EXERCISE:
Everything from the line with "Women's Strappy Denim Bodysuit" to the end of the entries should be set down exactly, except the pictures.

····················

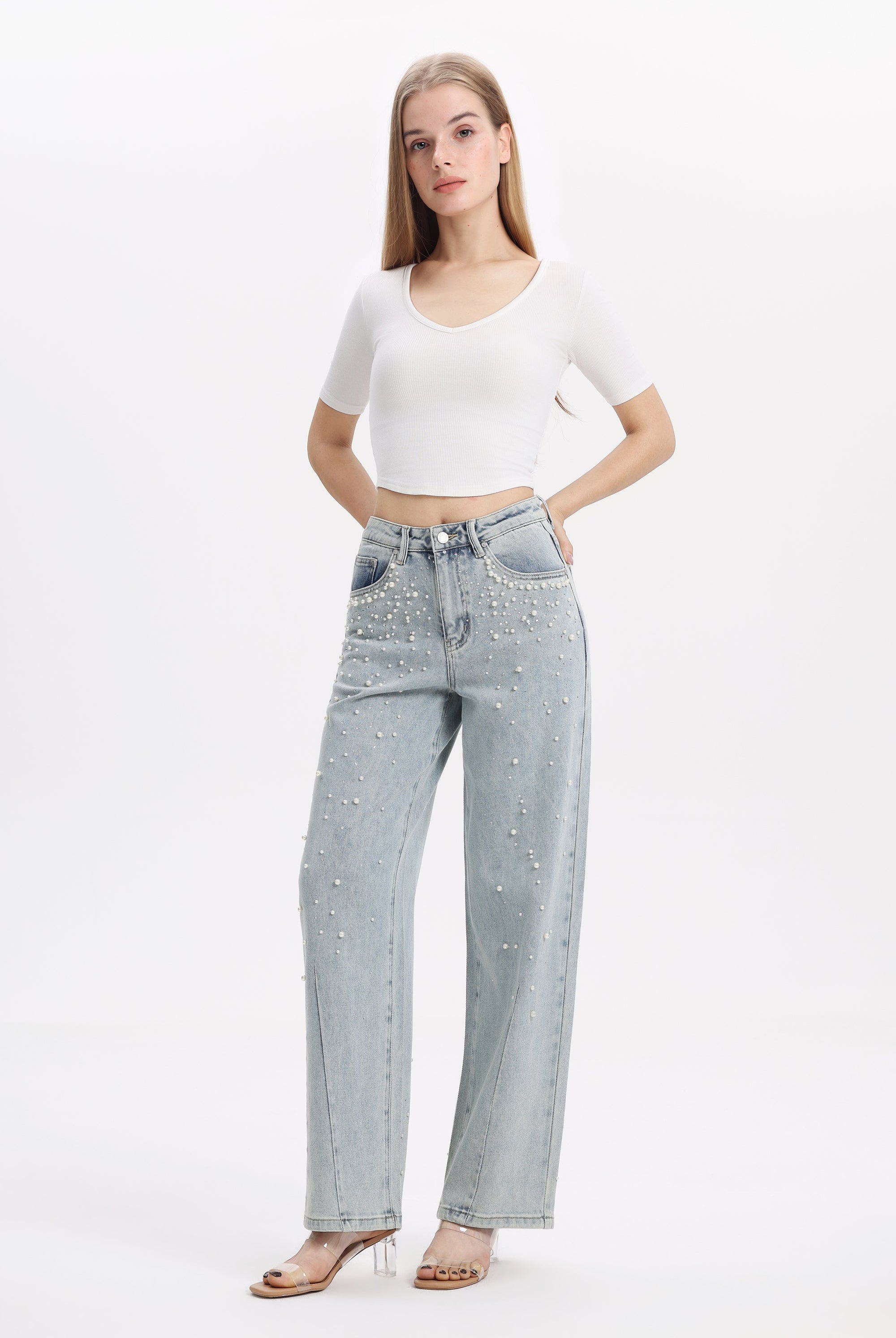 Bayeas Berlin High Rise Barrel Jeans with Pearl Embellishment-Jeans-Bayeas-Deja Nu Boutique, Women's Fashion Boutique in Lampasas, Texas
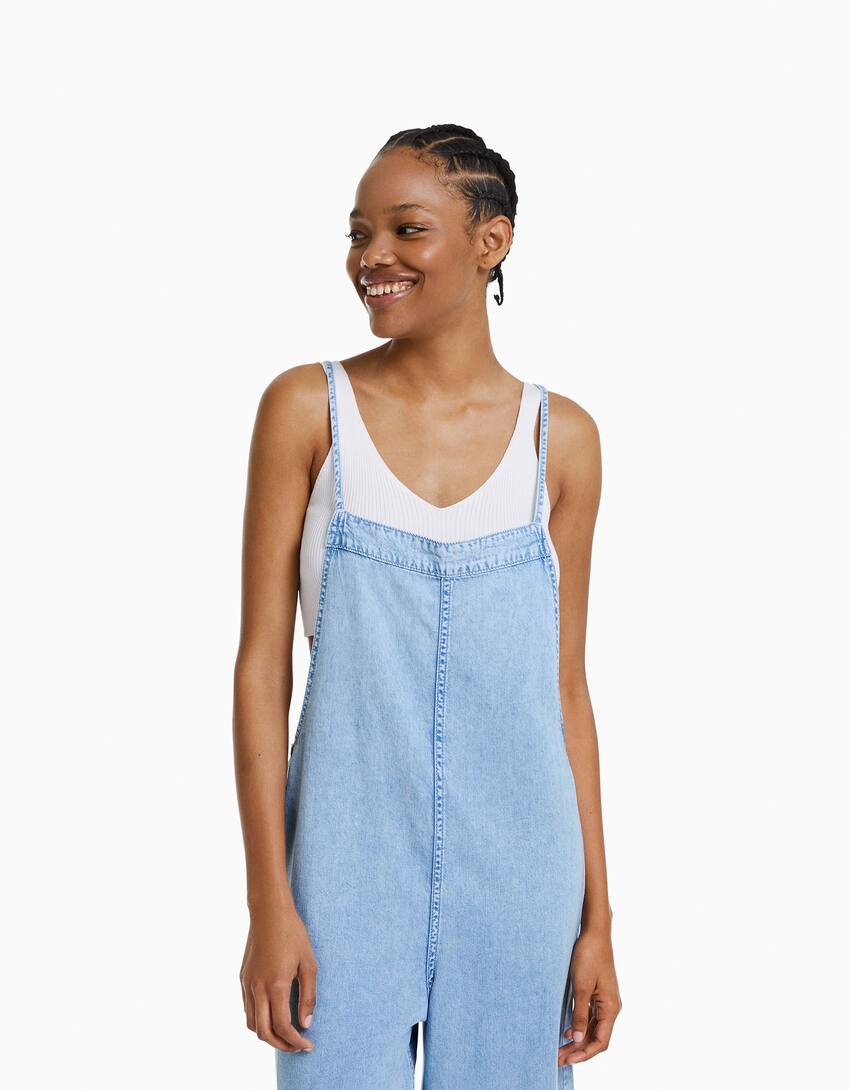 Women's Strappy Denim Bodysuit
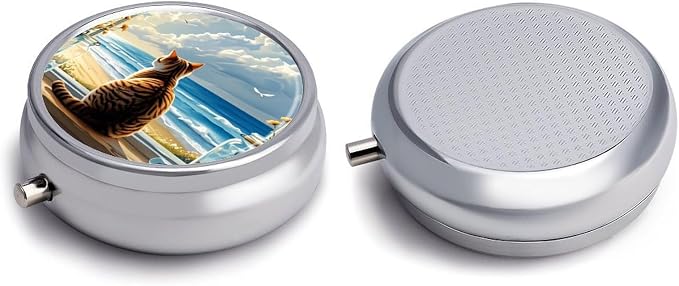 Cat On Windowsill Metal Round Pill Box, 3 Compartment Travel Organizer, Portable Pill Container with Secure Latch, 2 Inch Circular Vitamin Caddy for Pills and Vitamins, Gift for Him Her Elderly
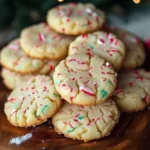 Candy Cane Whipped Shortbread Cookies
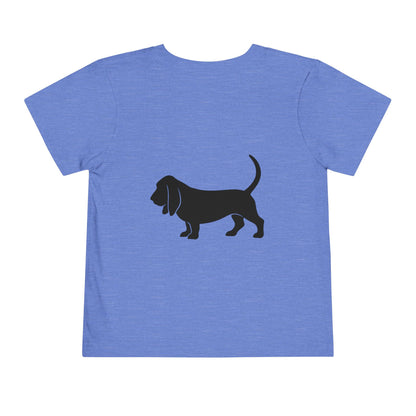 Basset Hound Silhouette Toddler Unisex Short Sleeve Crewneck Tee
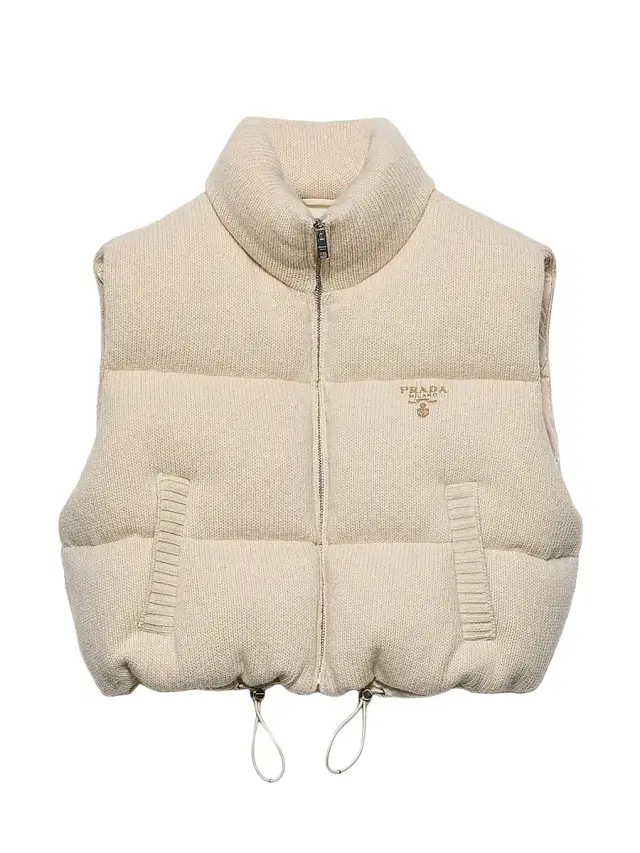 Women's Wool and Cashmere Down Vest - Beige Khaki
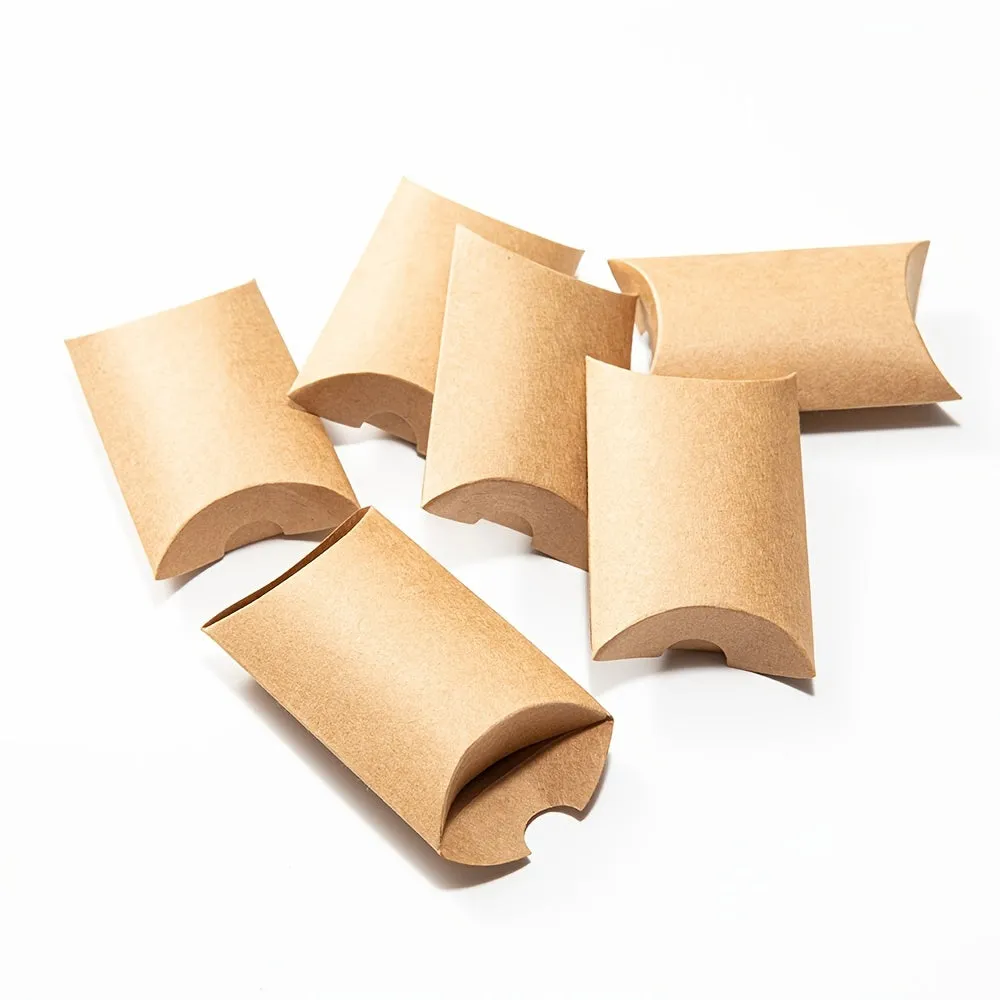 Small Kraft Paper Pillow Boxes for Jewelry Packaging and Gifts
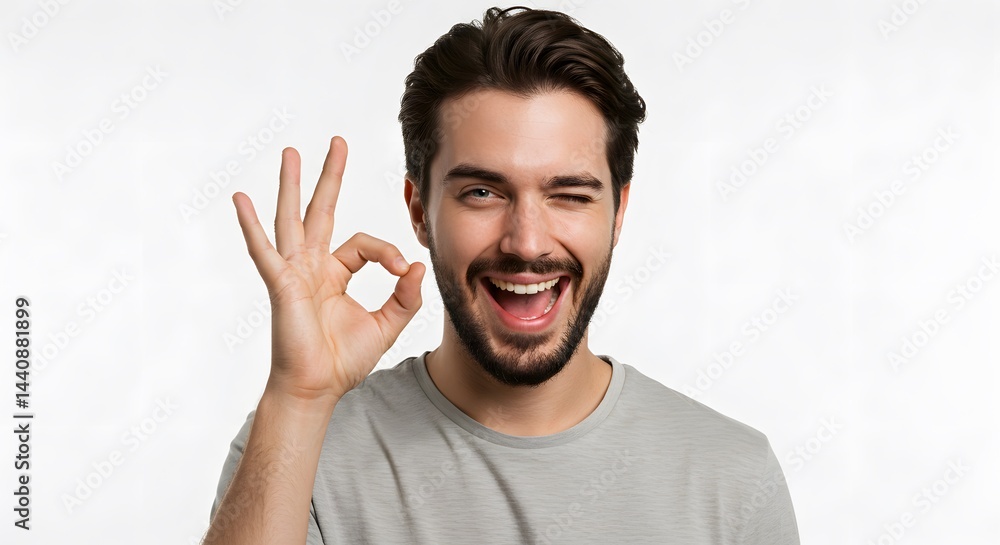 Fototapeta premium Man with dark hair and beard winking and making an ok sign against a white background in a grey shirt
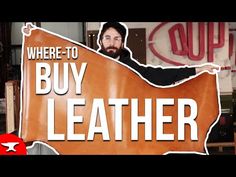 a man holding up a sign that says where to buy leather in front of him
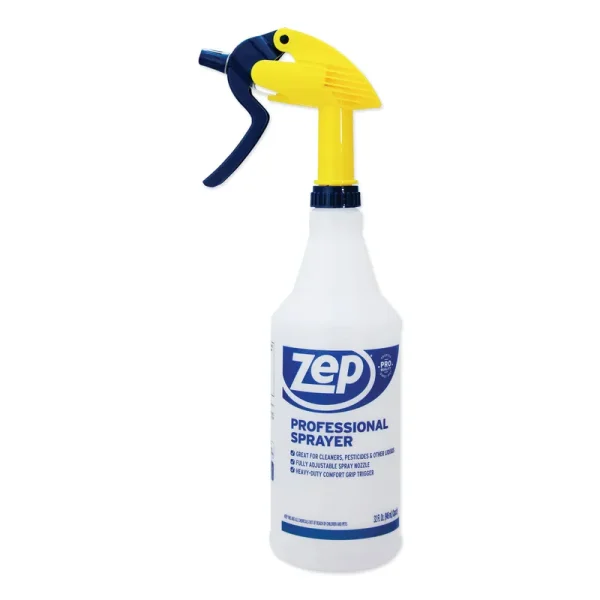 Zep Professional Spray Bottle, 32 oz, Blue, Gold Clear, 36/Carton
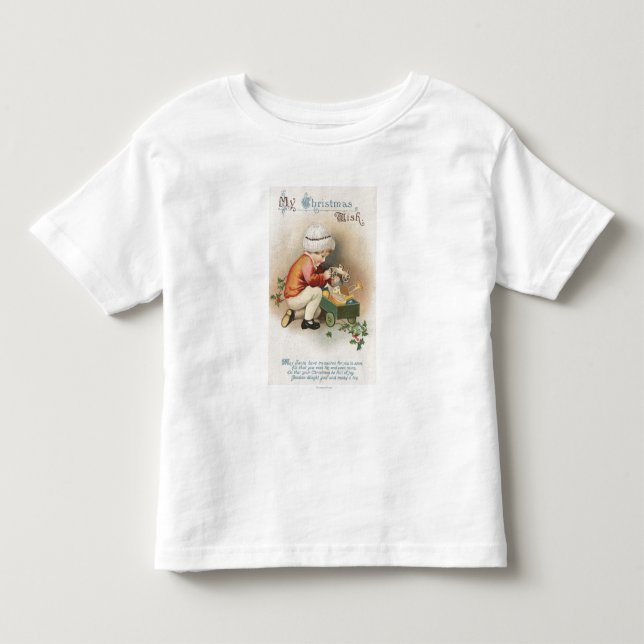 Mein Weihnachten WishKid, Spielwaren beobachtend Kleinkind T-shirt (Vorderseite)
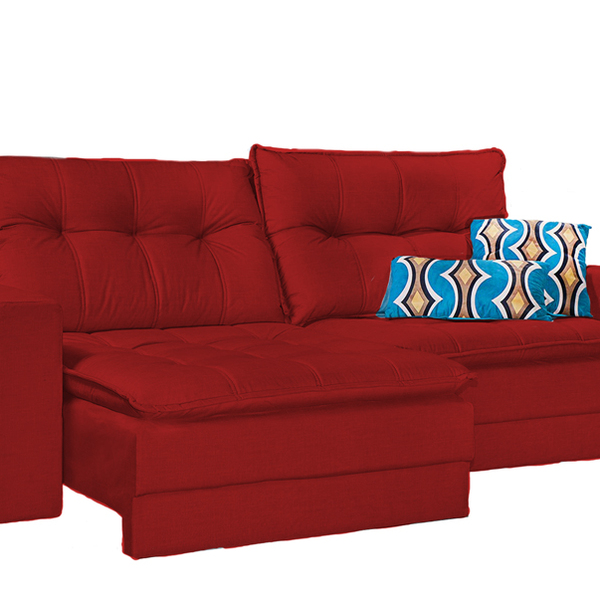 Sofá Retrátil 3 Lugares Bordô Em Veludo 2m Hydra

····················

RESULT OF THE EXERCISE:
 Women's Strappy Denim Bodysuit
 Cat On Windowsill Metal Round Pill Box, 3 Compartment Travel Organizer, Portable Pill Container with Secure Latch, 2 Inch Circular Vitamin Caddy for Pills and Vitamins, Gift for Him Her Elderly
 Candy Cane Whipped Shortbread Cookies
 Basset Hound Silhouette Toddler Unisex Short Sleeve Crewneck Tee
 Women's Wool and Cashmere Down Vest - Beige Khaki
 Small Kraft Paper Pillow Boxes for Jewelry Packaging and Gifts
 Fototapeta premium Man with dark hair and beard winking and making an ok sign against a white background in a grey shirt
 a man holding up a sign that says where to buy leather in front of him
 Zep Professional Spray Bottle, 32 oz, Blue, Gold Clear, 36/Carton
 Mein Weihnachten WishKid, Spielwaren beobachtend Kleinkind T-shirt (Vorderseite)
 Sofá Retrátil 3 Lugares Bordô Em Veludo 2m Hydra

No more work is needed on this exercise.